Task description: The answer is to be the lines below that lie between the line holding "Crazy Cats Playing" and the line holding "Gray and blue", inclusive, transcribed exactly and free of pictures.

Data section:
+++

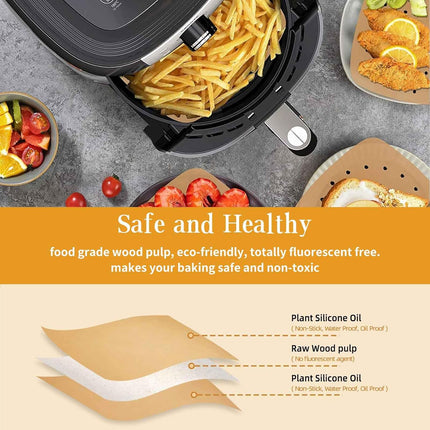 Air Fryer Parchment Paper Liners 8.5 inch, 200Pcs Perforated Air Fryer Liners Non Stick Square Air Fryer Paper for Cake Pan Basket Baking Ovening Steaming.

+++

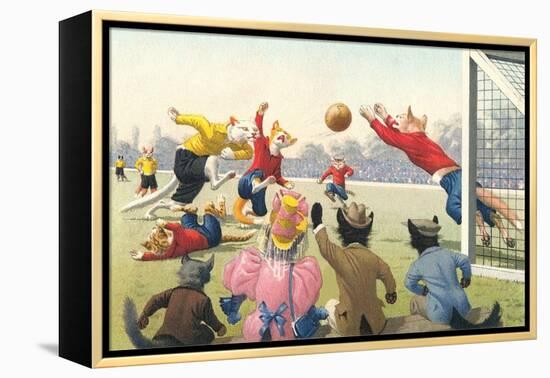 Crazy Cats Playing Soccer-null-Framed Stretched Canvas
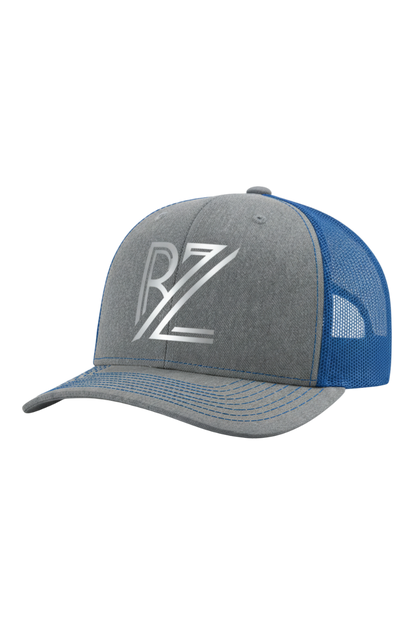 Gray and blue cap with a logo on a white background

+++

Exercise solution:
 Crazy Cats Playing Soccer-null-Framed Stretched Canvas
 Gray and blue cap with a logo on a white background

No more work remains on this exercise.